Gaming & Leisure Properties, Inc. (GLPI) is a specialty REIT that owns real estate assets leased to gaming operators and funds tenant development projects. In Q2 2025 GLPI reported $394.9M of revenue and $224.9M of FFO (down YoY), with revenue growth driven by recent acquisitions (adding roughly $17.5M of quarterly cash rent) and lease escalations, while net income was pressured by a $53.7M increase in CECL provisions and higher interest expense. The company carries meaningful leverage ($6.89B outstanding, WAM ~6.1 years, weighted rate ~5.06%), maintains a large revolver and ATM capacity, and highlights concentration risk with major tenants (notably PENN) and near‑term funding commitments for large projects (e.g., Bally’s Chicago).
Executive pay at GLPI is likely tied to REIT‑specific operating metrics such as FFO/AFFO, Adjusted EBITDA, acquisition and leasing activity, and the maintenance of dividend/distribution levels that preserve REIT qualification. Management disclosures show stock‑based compensation is a material component of G&A, so equity awards (RSUs, PSUs or option‑like instruments) and long‑term incentive plans that align executives with share price and dividend stability are probable. Given the company’s acquisition‑driven growth strategy and sensitivity to interest and credit expense, compensation plans will also commonly include balance‑sheet and capital‑markets metrics (debt levels, refinancing success, covenant compliance) and deal‑execution milestones tied to development funding. Expect short‑term bonuses tied to transaction closings, rent roll/lease coverage metrics, and non‑GAAP performance measures (AFFO, Adjusted EBITDA) rather than GAAP net income, since CECL provisioning and noncash depreciation can swing reported earnings.
Insiders at GLPI will often hold equity or participate in ATM and other capital programs (GLPI disclosed a 2025 ATM and prior ATM settlements), so look for insider selling for tax or liquidity needs coincident with ATM issuances or dividend dates; disclosed stock‑based comp further increases the likelihood of planned sales.
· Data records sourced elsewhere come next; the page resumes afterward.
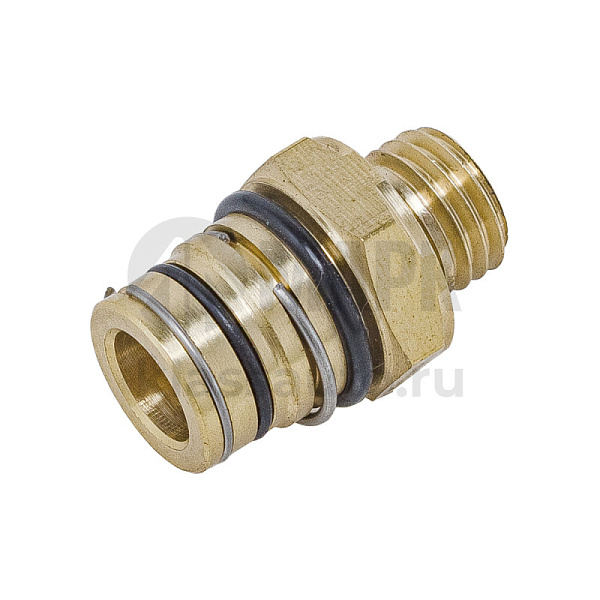 Соединитель переходник М12x1.5 P5 поворотный латунь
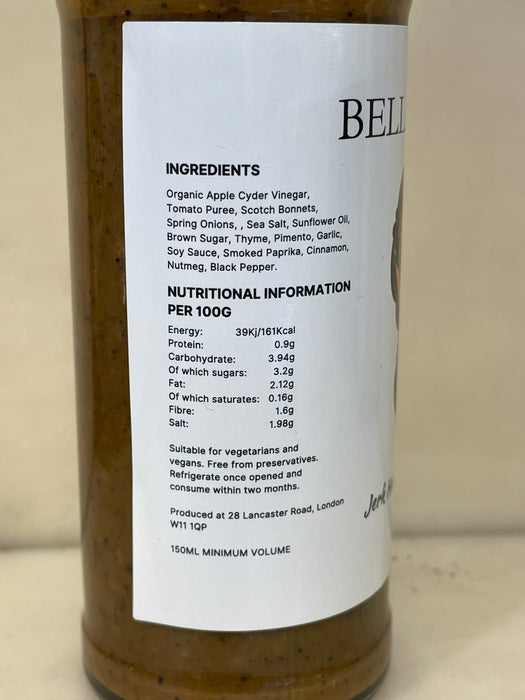 Bella Pepper Jerk Hot Sauce & Marinade 150ml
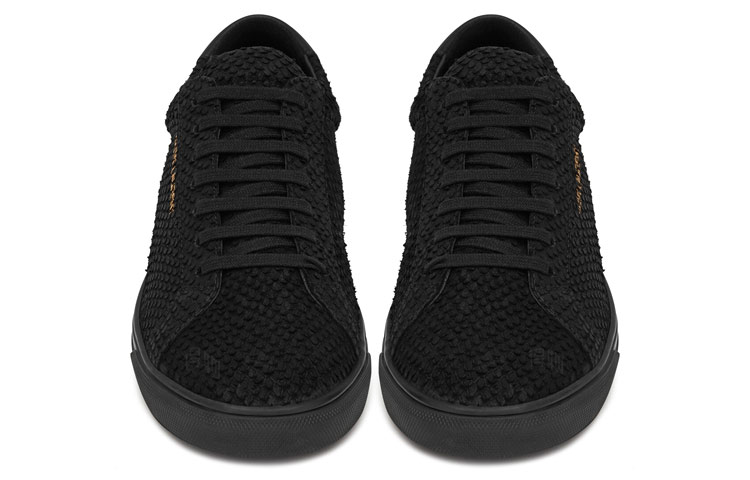 Shop Saint Laurent Andy Low ''Python - Schwarz'' Sneakers 650078-16E10-1000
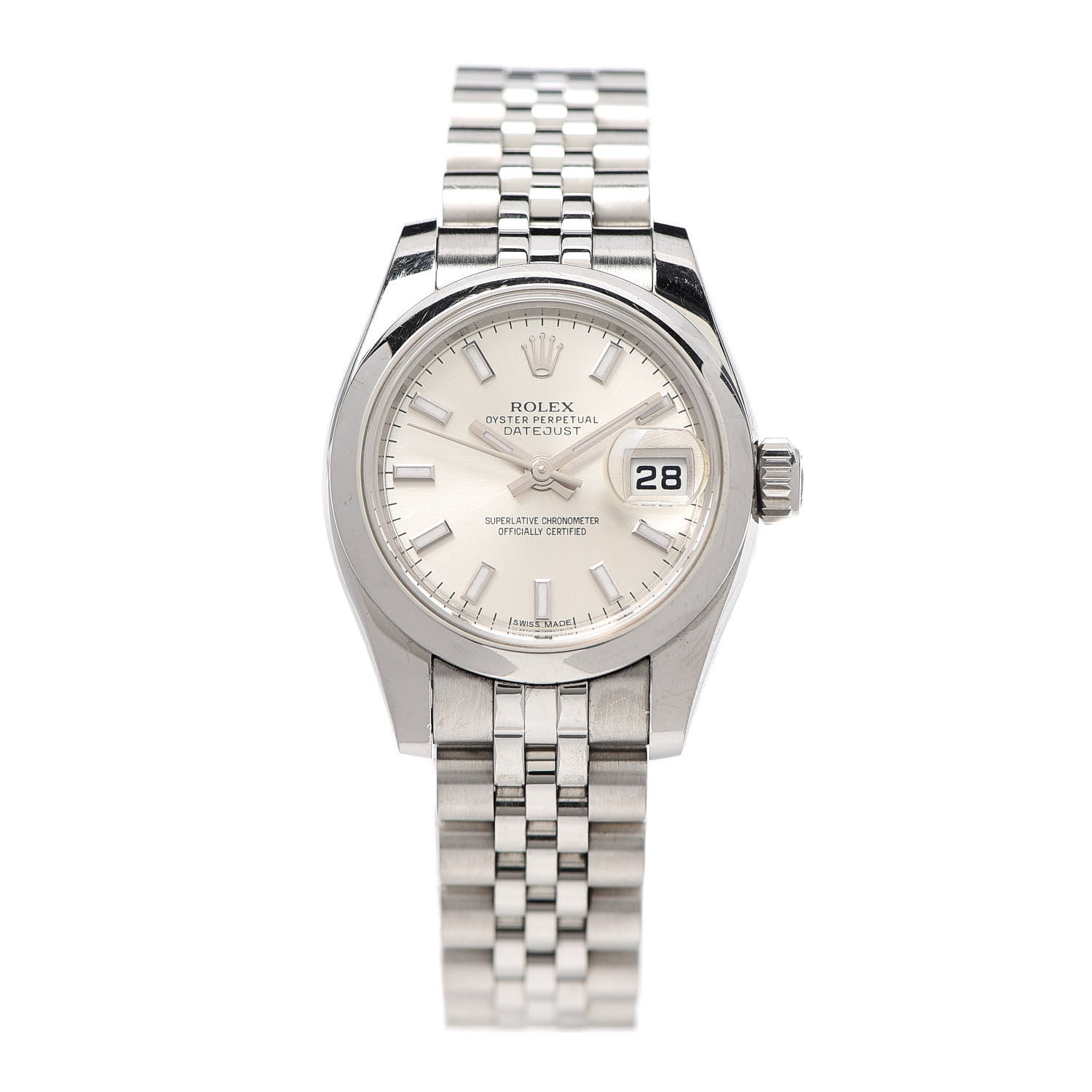 Rolex Stainless Steel 26mm Oyster Perpetual Datejust Watch Silver 179160 1 of 7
Material events that could prompt insider transactions include large acquisitions, funding commitments for tenant developments (e.g., Bally’s Chicago, PENN Joliet), tenant credit deterioration or CECL-related provisioning updates, and refinancing/maturity news (notably a $975M senior note due Apr 2026). Because GLPI operates in heavily regulated gaming real estate and relies on material nonpublic information about tenant operations and regulatory approvals, insiders should be expected to use trading plans (Rule 10b5‑1) and observe blackout windows; traders should monitor filings for plan adoption/termination, changes in ATM capacity, and any related‑party or concentrated‑tenant disclosures that could presage material moves in insider activity.